(EDITOR’S NOTE: The following article was provided by Jeff Keeling, Director of Marketing and Community Relations for the Washington County Economic Development Council – http://www.thewcedc.com/.)
The team at Fiber Innovation Technology in Johnson City is dealing with a problem many businesses would like to have – how to satisfy increasing product demand – thanks to the company’s growing reputation in the specialty synthetic fibers market.
With highly versatile fiber products like “4DG,” which transports moisture, retains heat and is used in everything from athletic clothing to road underlayment – it even proved the best in a NASA study looking at prospective spacesuit materials for a Mars mission – the company is on the rise. Despite adding customers and seeing increased demand for its products, though, FIT faces a familiar dilemma – overcoming rising input costs for raw materials and energy at a time when access to capital is limited.

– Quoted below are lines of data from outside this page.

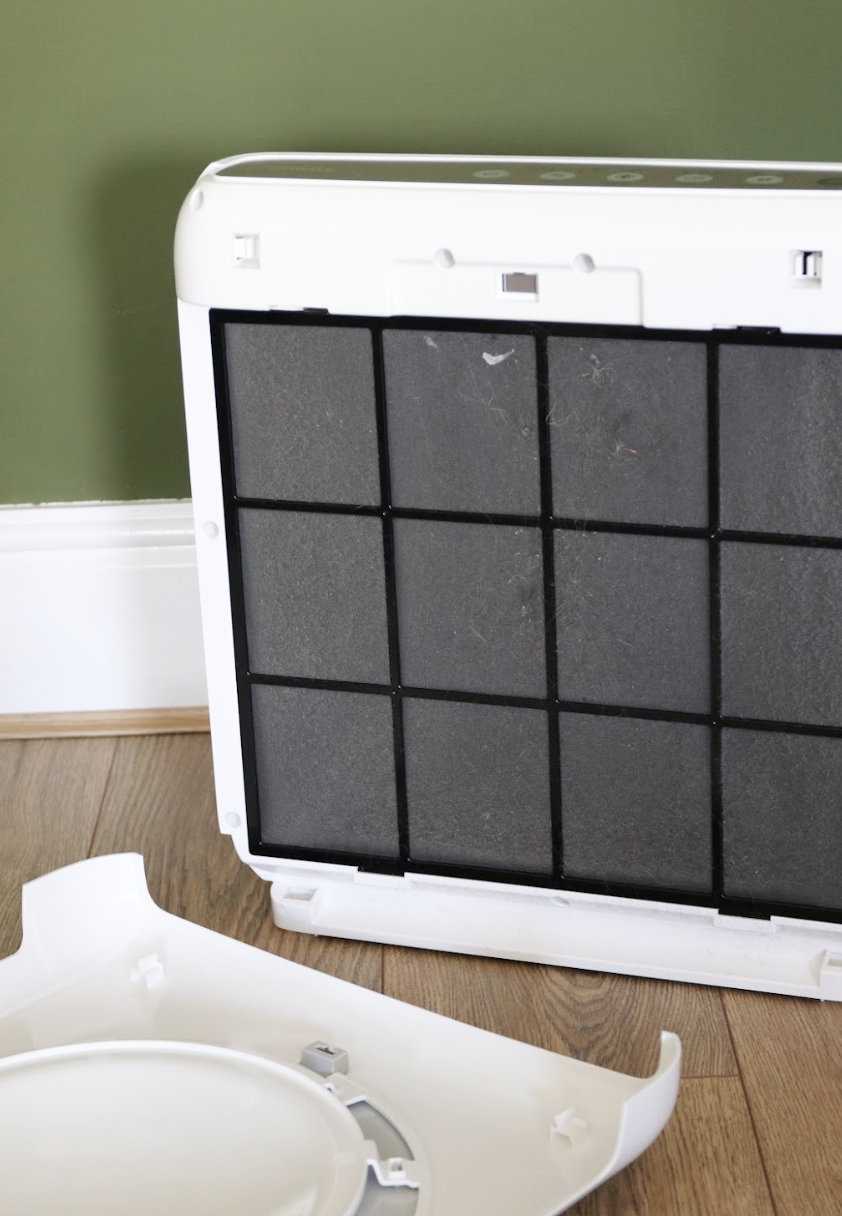 Coway Airmega Mighty Air Purifier with the backing removed, revealing paneled filter inside, in front of greenwall on wooden floor in Gabriella Dyson's home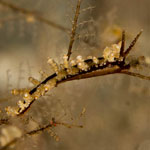 Eubranchus putnami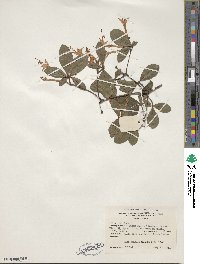 Rhododendron viscosum image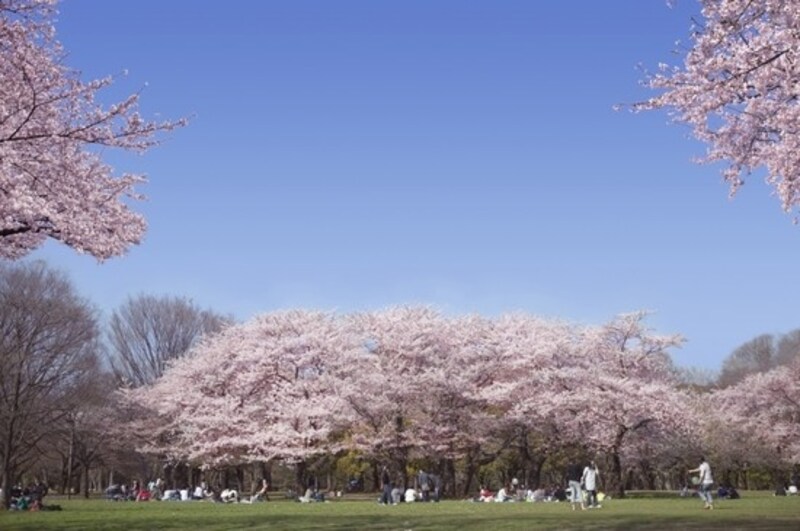 花見,場所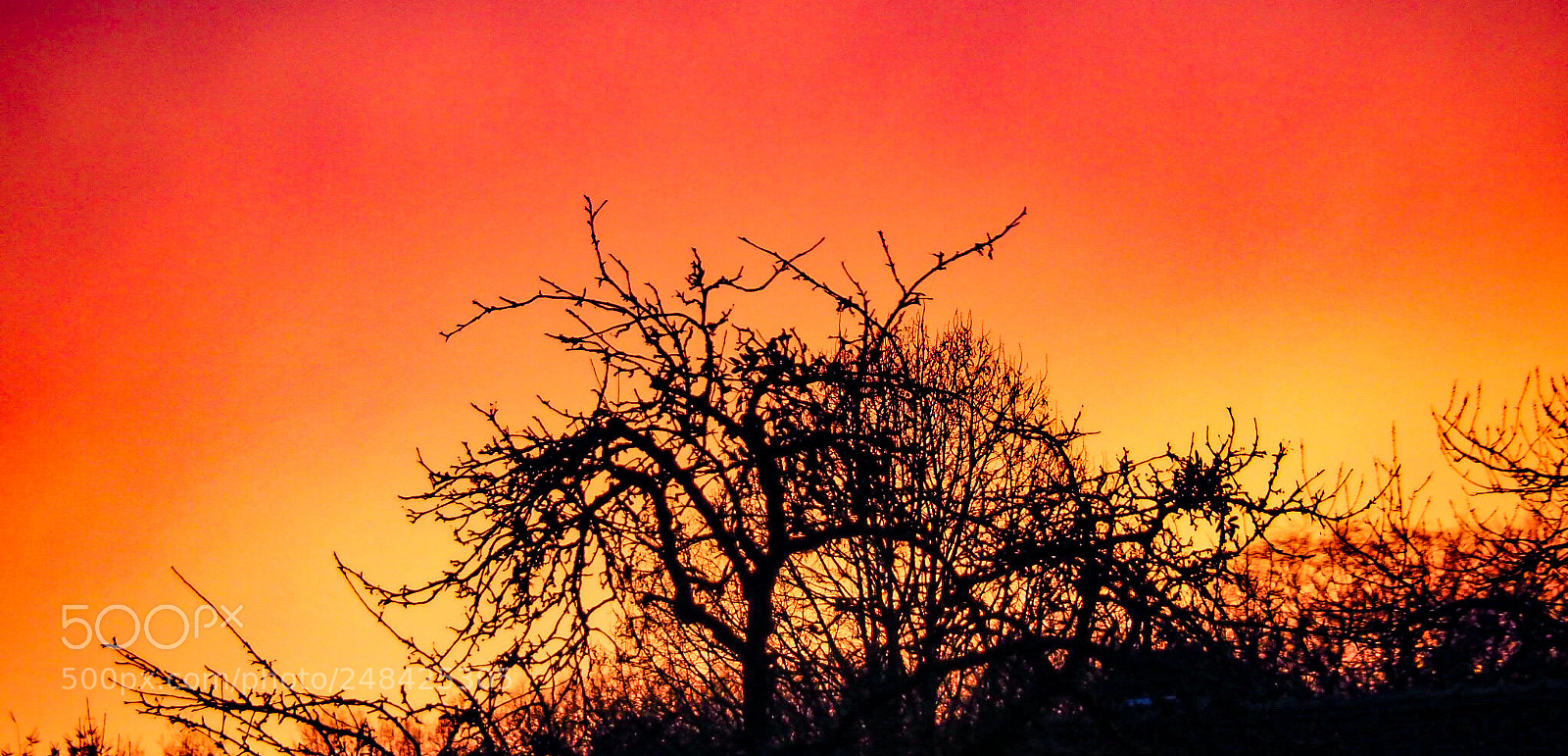 Olympus PEN-F sample photo. Coucher de soleil photography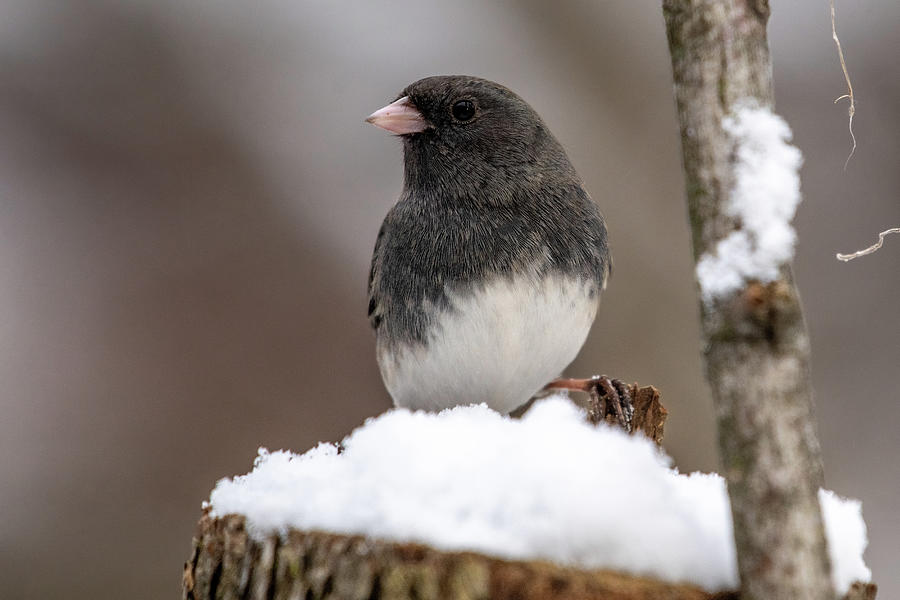 Dark Eyed Junco 12 Photograph by Michelle McPhillips - Pixels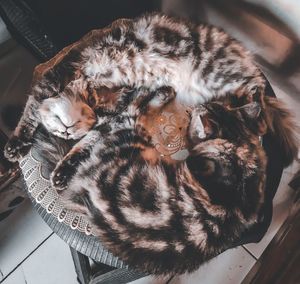 High angle view of cat sleeping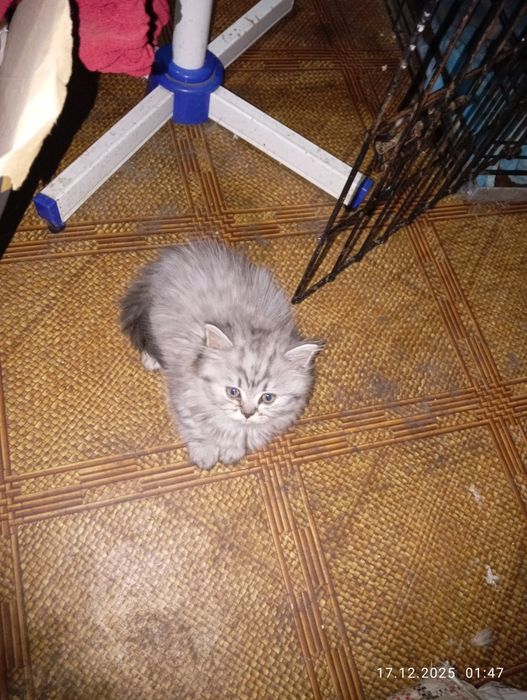 Британские   котята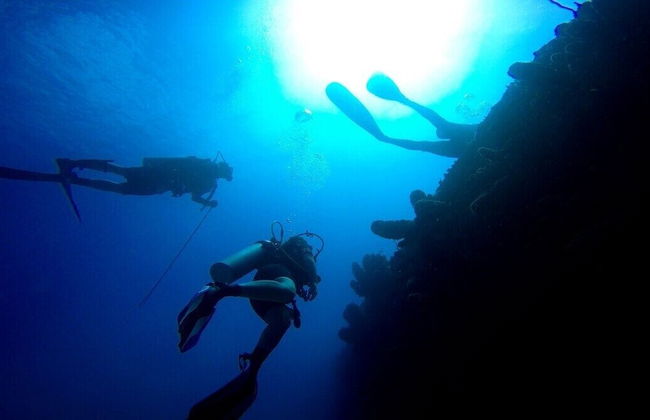 Windchime Estates - Photo 51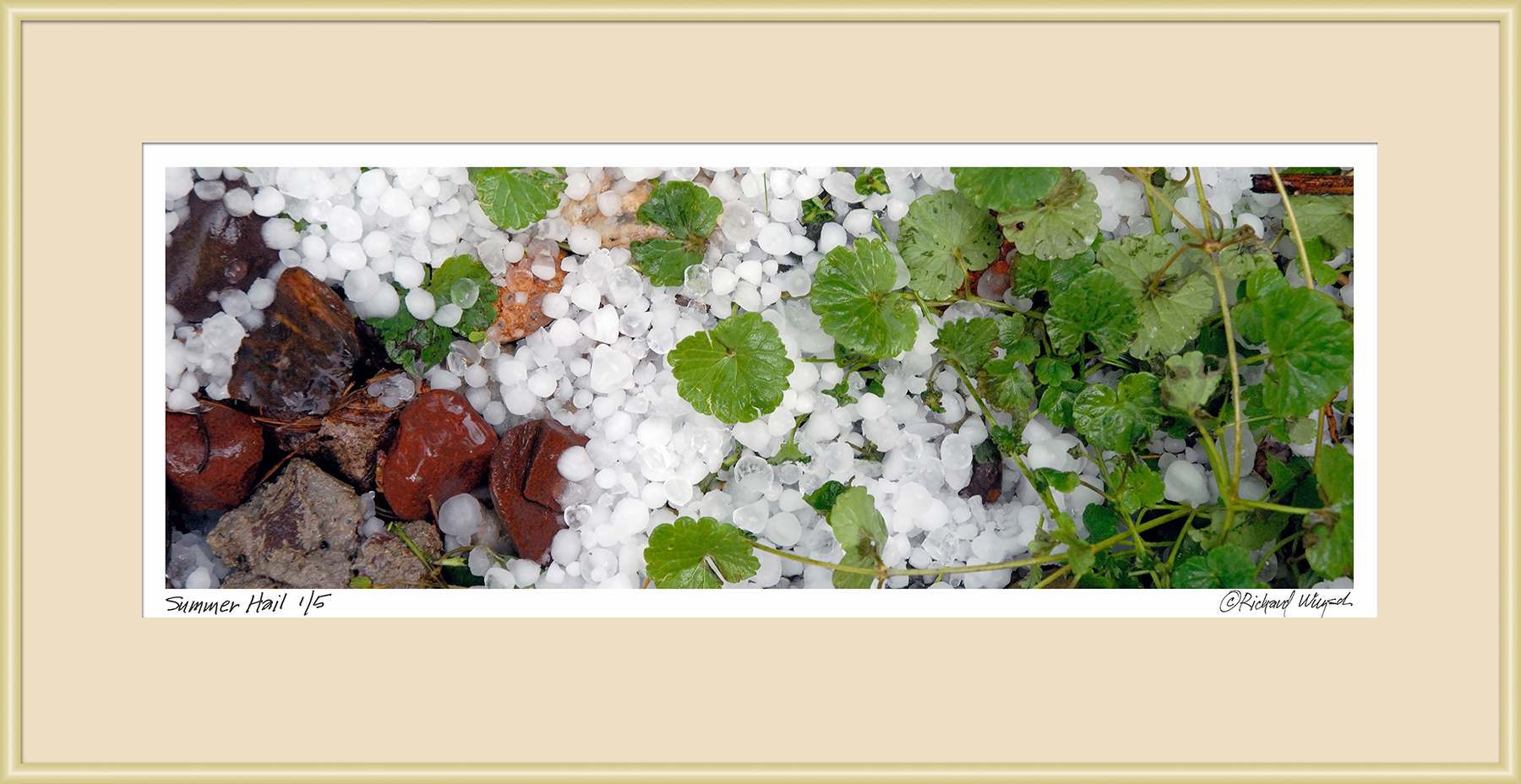 Summer-Hail-Framed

“We use our profit margins to reinvest in the business, and those margins are getting smaller, making it harder for us to do the innovations and development we need to do,” FIT President and CFO Michael Holt said.
FIT’s management team was considering its growth options when they heard Lt. Gov. Ron Ramsey and Tennessee Economic and Community Development Commissioner Bill Hagerty outline Gov. Bill Haslam’s JOBS4TN program. Realizing that the economic development approach being promoted by Tennessee’s Department of Economic and Community Development might help FIT meet some of its needs, they contacted regional ECD representative Alicia Summers and the Washington County Economic Development Council’s Mitch Miller.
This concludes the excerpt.